Hysterics over the supposed cost of the project have broken out big time in the comparatively rich south east and accusations are flying that the government is engaged in a cover up of the true costs of putting the capital within an hour’s reach of the oiks in the northern wastelands.

Typical of recent screeching headlines in the London-centric media are “HS2 will be the most expensive railway on earth”, based on a revised estimate suggesting costs per mile are expected to reach £403 million “according to Government calculations”.

Earlier this year, Chancellor Philip Hammond was taken to task for claiming on Radio 4 that HS2 would cost £32 billion when, at the time, the official estimate was £52 billion. Just a few weeks later, it’s being claimed that the true cost of the scheme, including extensions to Manchester and Leeds, will be double that: £104 billion. The first 6.6 miles out of Euston would cost £8.25 billion – or £1.25 billion a mile.

The senior civil servant responsible for the project allegedly told his bosses he was “very worried” the official costs could be unrealistic. The eyewatering figures prompted former transport minister John Spellar to declare that the “controversial project is an “ever-deepening bottomless pit”.

I’m not sure what the Labour MP’s Brummie constituents will make of that, but then Bromley-born, Dulwich-educated Mr Spellar is a Londoner through and through.

It’s all grist to the mill of the influential Stop HS2 lobby, based mainly in the twee Chilterns, who fear the proposed route might disturb their affluent peace. They believe they are now winning, that the escalating costs of the project are likely to scupper it completely.

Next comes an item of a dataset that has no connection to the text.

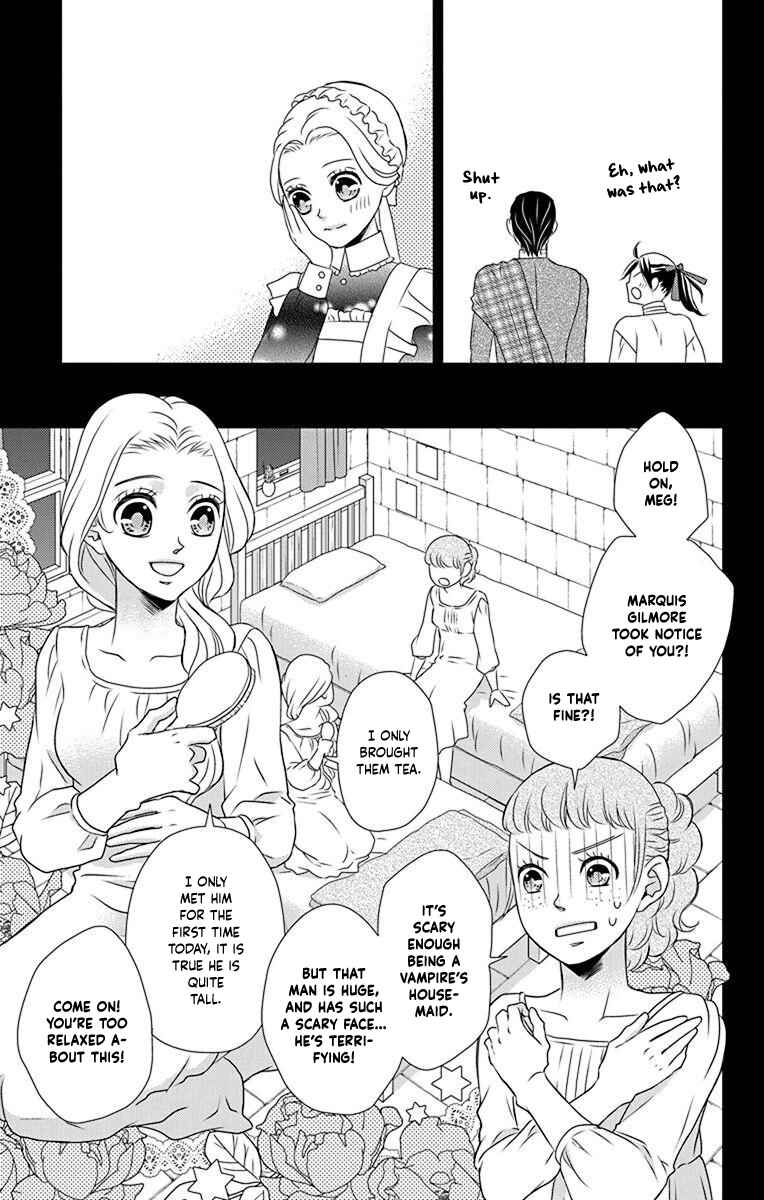 Page 16 Chapter 55 Kuro Hakushaku wa Hoshi o Mederu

After all, they moan, is shaving an hour off the current two-hour train journey time from London to Manchester worth more than £100 billion?

That argument, however, is completely missing the point.

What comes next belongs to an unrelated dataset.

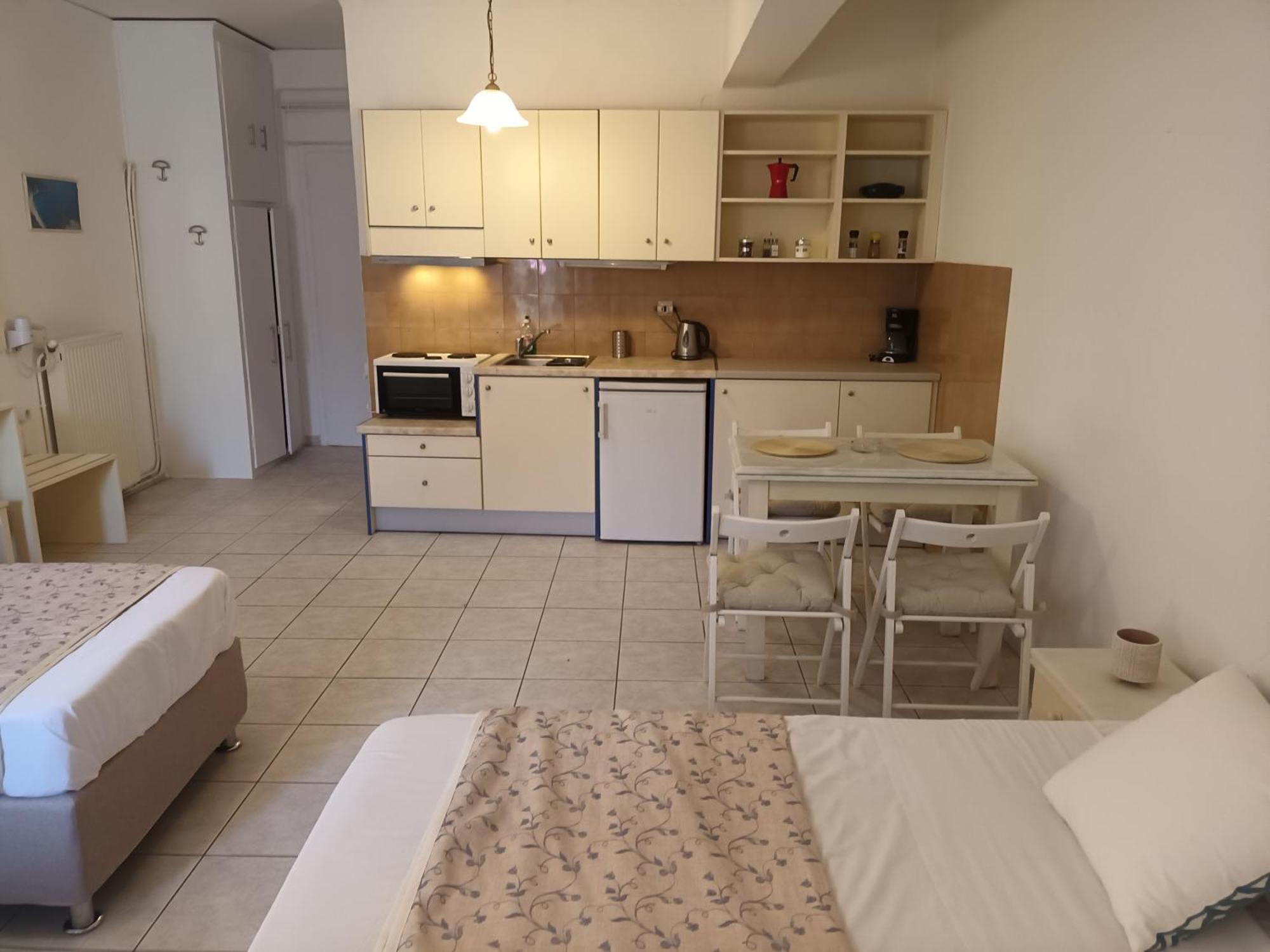 Argostoli Rooms Kamer foto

The requirement for HS2 is not all about speed. It’s about capacity. Currently, Virgin Pendolino trains – these days mostly composed of 11 coaches – leave Manchester Piccadilly for Euston every 20 minutes and vice versa.

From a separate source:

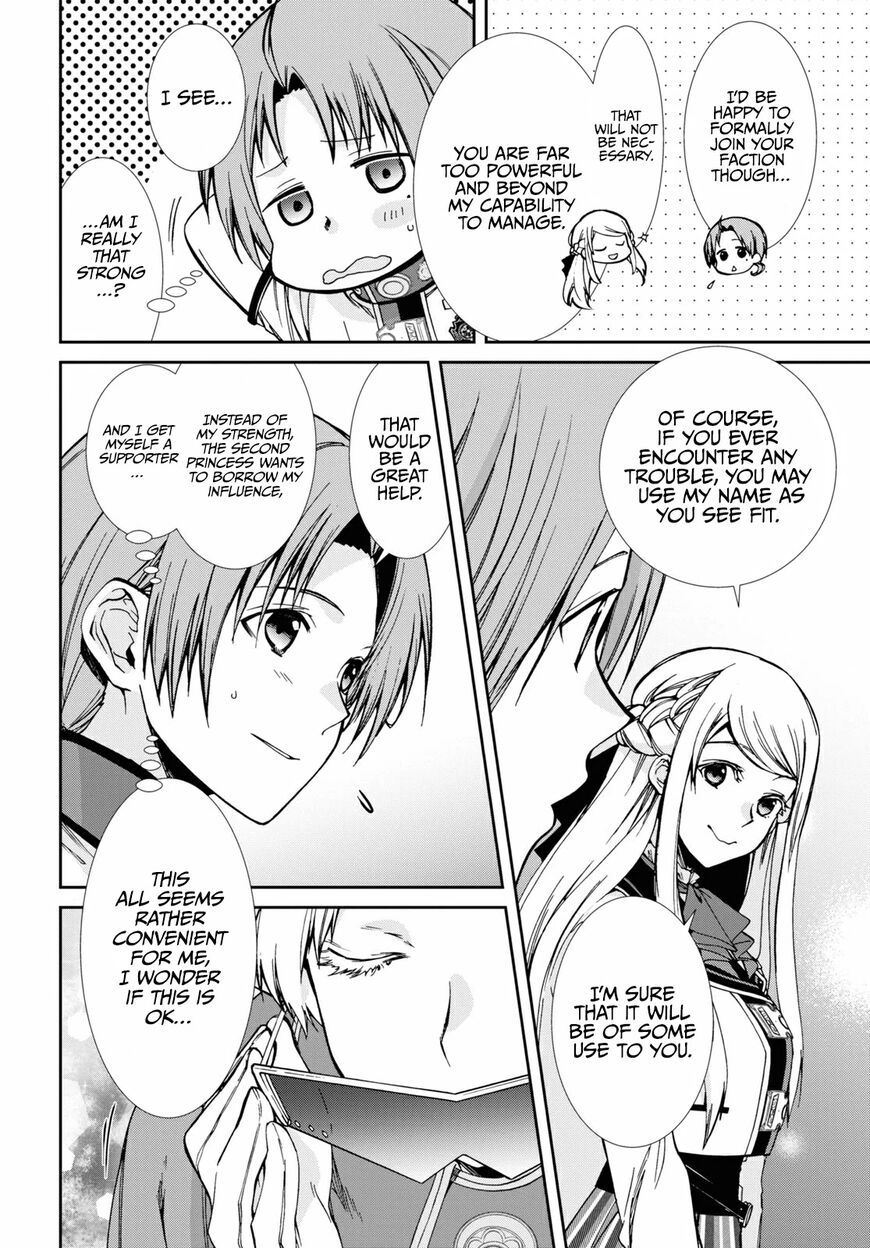 Read Mushoku Tensei - Isekai Ittara Honki Dasu EN Manga Online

The West Coast Main Line must also accommodate Cross Country services and in many places along its length, intense commuter traffic. Then  freight trains have to be found track space somewhere. We all want fewer heavy lorries on the road, don’t we?

The real question is not whether HS2 is vital, not just to the Midlands and the north, but to the balance of the national economy – which it is – but why the estimated cost of building it should be 15 times more per mile than the TGV, the 200mph French high speed trains.

The fault with the HS2 project lies not with its conception, but – like so many other major infrastructure projects in this country – its delivery.

HS2 should not become a victim of incompetent government, bungling civil service procurement, greedy contractors and well-heeled Home Counties nimbys.

In any case, did anyone south of the Watford Gap raise an eyebrow when the original £1.9 billion cost estimate for  the 73-mile east-west Crossrail route across London ballooned to £14.8 billion? And what of proposals for north-south Crossrail 2 – without which London mayor Sadiq Khan claims the capital will “grind to a halt”?

The current estimate for the route (co-incidentally also 73 miles) is a mere £33 billion at 2014 prices. Do the maths and that works out at £452 million a mile – 20 per cent more than Spellar’s “ever deepening bottomless pit” description of HS2.

Here’s the thing. If HS2 is completed and is able to ease the gridlock in London – with all the attendant costs of housing, transport, hiring staff, rents and so on, thus saving it from grinding to a halt – there’d be no need for Crossrail 2 at all, thus saving a shedload of money. But of course London stares at the north through the wrong end of its binoculars.

Back in 1830, when Manchester built the world’s first train station to serve as the western terminus of the pioneering Liverpool and Manchester Railway, there was no line to London at all. Building one was hugely complex and expensive operation.  Perhaps our Victorian  forebears should have adopted the current anti-HS2 stance and not bothered.

HS2 – and HS3, the upgraded route east-west from Leeds to Liverpool via Manchester – must be built at all costs. Because we’re worth it.